UPFRONT: And even hospitals.
McCain: Hospitals! Yes. Absolutely. Black people had to go miles and miles out of their way for emergency treatment, and for regular treatment, simply because the so-called white hospitals would not accept them. And they would not accept black doctors on the staff, either. Any place of public accommodation that you could probably think of was strictly off limits to you. Ranging from the front of the bus to any kind of cafˇ or restaurant or hotel, amusement park. And kids today find it hard to believe: "You couldn't go to a McDonalds?"

UPFRONT: Or to movie theaters.
McCain: Even if you could go in, you had to sit up in what we call the crow's nest.

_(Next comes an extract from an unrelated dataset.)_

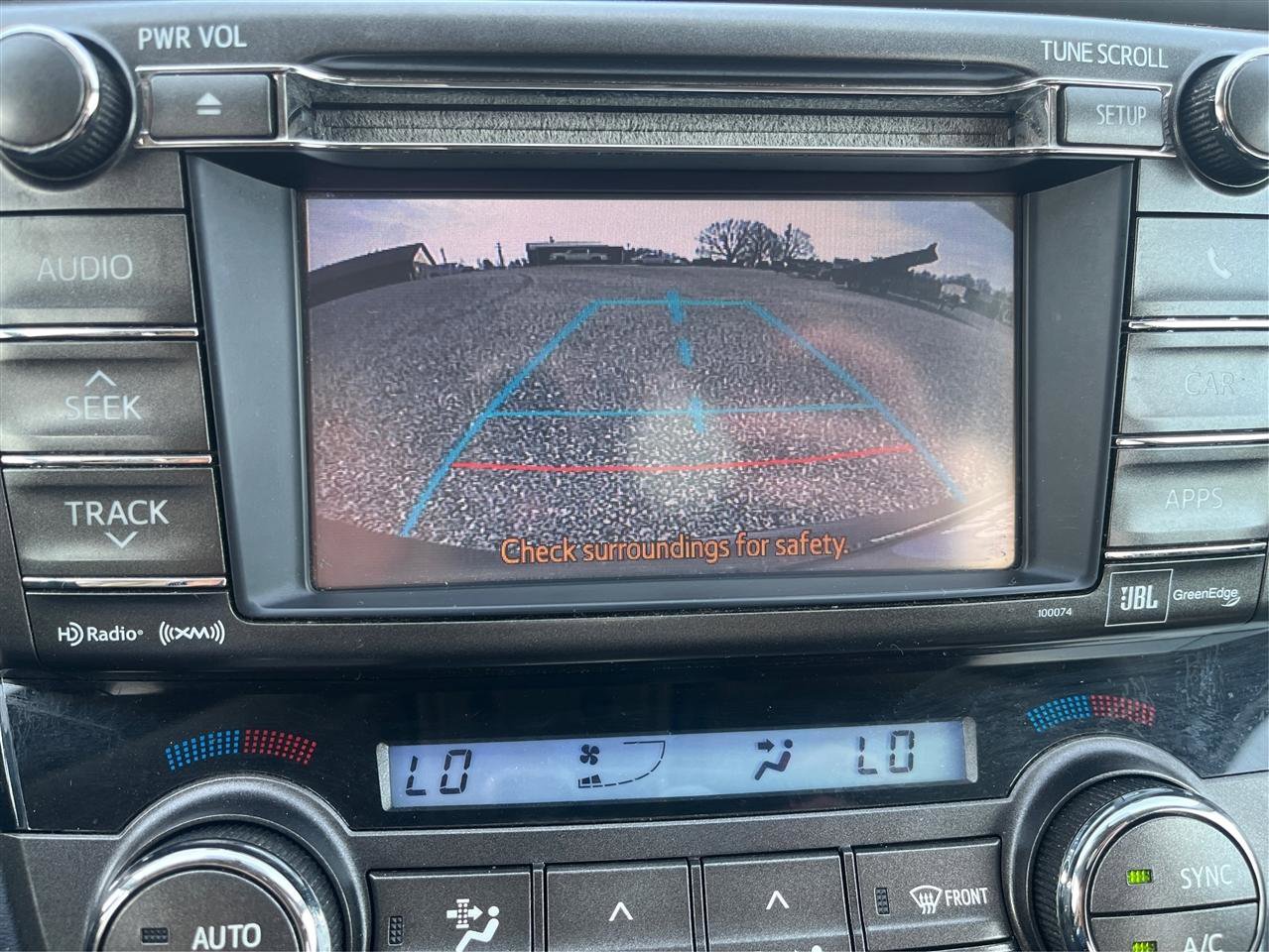 Used 2013 Toyota RAV4 Limited image 18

That's way, way up high away from everything. And if you could go to some of these eating places, they'd ask people to come to the back door and do takeout— which I thought was just unprincipled.

And I thought that without manhood and without dignity, man can't live. He absolutely can't. You only exist. I found the whole thing not only embedded with hypocrisy, but just unbelievable.

So unbelievable that my children didn't even believe it. They thought it was all war stories, old wives' tales that I used to tell them. They couldn't get their minds around the fact that people could be discriminated against, kept out of public places, simply because of the color.

I felt there was something choking me all the time—this stifling feeling. I didn't feel fulfilled, and I didn't feel as though I got the biggest value out of my hard work in going to school and just being a good citizen.

And I could not for the love of me understand how my grandparents and parents, who were educated people, could live in a system like that for so long. When you're 15 or 16, you don't understand that.

UPFRONT: You thought that some of your elders had just been too passive for too long?
McCain: Yes, absolutely. I really felt as though they had let us down.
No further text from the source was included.